The most important question of the film, the same one that drives Faugel and Silien’s relationship, doesn’t have a clear answer: when is it that one should lie? At any given time in the film, a cost/benefit analysis could be made to determine the option a character can take to maximize his ends. Faugel or Silien could turn at any time. And though even in the world of hoods and gangsters loyalty means something, but loyalty doesn’t take away one fact: these men are criminals. The very basis of their identity is in the subversion and undermining of the law, which is a moral fabric that binds a society together on the basis of trust, however vague that trust may be. Notions of social contracts, of assumed agreements, are by their nature foreign to criminal enterprises. Thus the question of “to die… or lie?” is one criminals like Faugel and Silien must always face on a situational basis.

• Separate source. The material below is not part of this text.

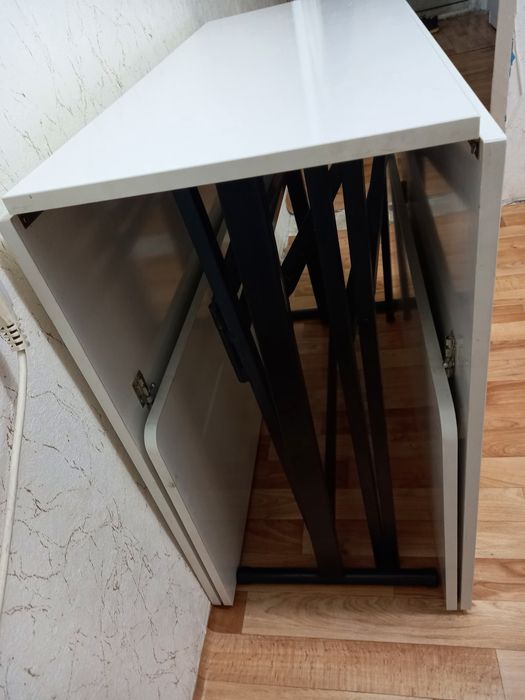 Продам стол , раздвижной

Just as striking as the narrative and the performances is the film’s cinematography. Both Melville and Director of Photography Nicolas Haver have crafted a film with an impossible amount of shadows; like the morally murky dealings of the plot, the bleak scenery contributes to the air of uncertainty that pervades the film. Criterion’s restoration here is one of its best; it both fixes what was likely a buggy initial print and retains a classic feel essential to old noirs. There’s nothing quite like the shadow cast by a fedora over a poker face or the flaps of a trenchcoat blowing in the chilly night breeze.
Not at all doing away with their sterling reputation, the folks at Criterion have put out a stellar package for this release. The cover art is appropriately cool and gun-centric, and the inner booklet, featuring an essay by the excellent Glenn Kenny (film critic for MSN) matches its noir décor. The special features, while relatively sparse to past Melville releases (the exhaustive, two-disc release of Le Cercle Rouge is tough to follow up), are effective in providing context and background to the film. The best of these are a series of interviews with Belmondo, Reggiani, and Melville, who are all magnetic and intriguing personalities, Melville especially.
Paired with a similarly packaged release of the great Le Deuxieme Souffle, Le Doulos is one of the Criterion Collection’s strongest noir releases. The publishing house’s devotion both to noir and the nouvelle vague has produced high-quality editions of essential films; their emphasis on Melville and Godard is very rewarding for this reason. Le Doulos is all about the shadows: the literal ones cast by the lampshades of Parisian streets and the metaphorical ones cast by the lies criminals tell to each other and themselves. It’s a messy, confounding business, but it’s enthralling to watch.